Can anyone recommend a nice restaurant in Dubai Marina or JBR for a romantic dinner, somewhere with maybe a nice view of the Palm or Burj Al Arab, one on a high floor etc etc,

My wife is arriving afetr 10 weeks so looking to treat her to a great evening.

Thanks


----------



## Dubai1 (Feb 2, 2009)

Take her to Al Qasr hotel in Madinat, the most amazing views of Burj Al Arab in the evenings..... The terrace at Cooba / Kuba (i think it is called) in the hotel is pretty special.... You wont be dissapointed.


----------



## Ogri750 (Feb 14, 2008)

If you like steaks, the the Meat Company in Souq Madinat is great. Sit outside on the decking, and you will have a fantastic view of the Burj Al Arab


----------



## Elphaba (Jan 24, 2008)

Dubai1 said:


> Take her to Al Qasr hotel in Madinat, the most amazing views of Burj Al Arab in the evenings..... The terrace at Cooba / Kuba (i think it is called) in the hotel is pretty special.... You wont be dissapointed.

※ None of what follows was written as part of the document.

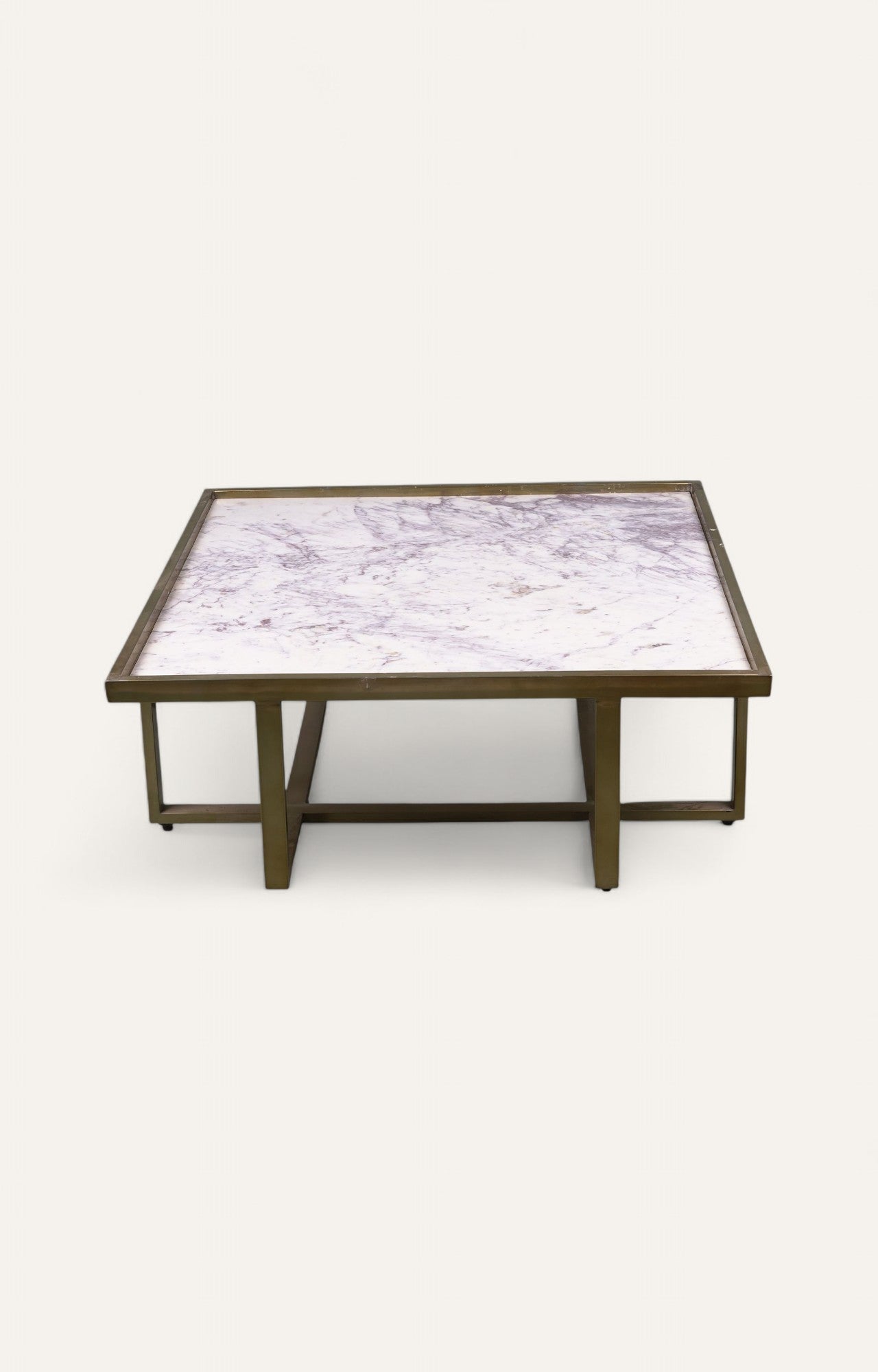 Marble Top Metal Frame Square Table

Koubba Bar at Al Qasr.  Not a restaurant though.


I can't think of anywhere in the Marina that has a great view of the Burj al Arab. If you want views far better to go closer. Try Shoo Fee Ma Fee at the Souk Madinat. Morrocan restaurant with high terraces with the best views - they even have a viewing platform right at the top with 360 degree views.

Shoo Fee Ma Fee

Not on a high floor, but still with views - Marina Seafood restaurant at Jumeirah Beach Hotel. It is at the end of the marina, under 360 (bar).

Dining at The Marina - Jumeirah Beach Hotel - Jumeirah

Hope you have a fun reunion.

-


----------



## Andy Capp (Oct 5, 2008)

What you doing up this time Elph???


----------



## Elphaba (Jan 24, 2008)

Insomnia 

I am sitting here working...

-


----------



## mariangela (May 10, 2009)

baker & spice in souk al bahar is good and views to the fountain


----------



## zippycaz (May 10, 2009)

Ogri750 said:


> If you like steaks, the the Meat Company in Souq Madinat is great. Sit outside on the decking, and you will have a fantastic view of the Burj Al Arab


The Meat Company is good but very expensive for what you get but yes, the views are brilliant.


----------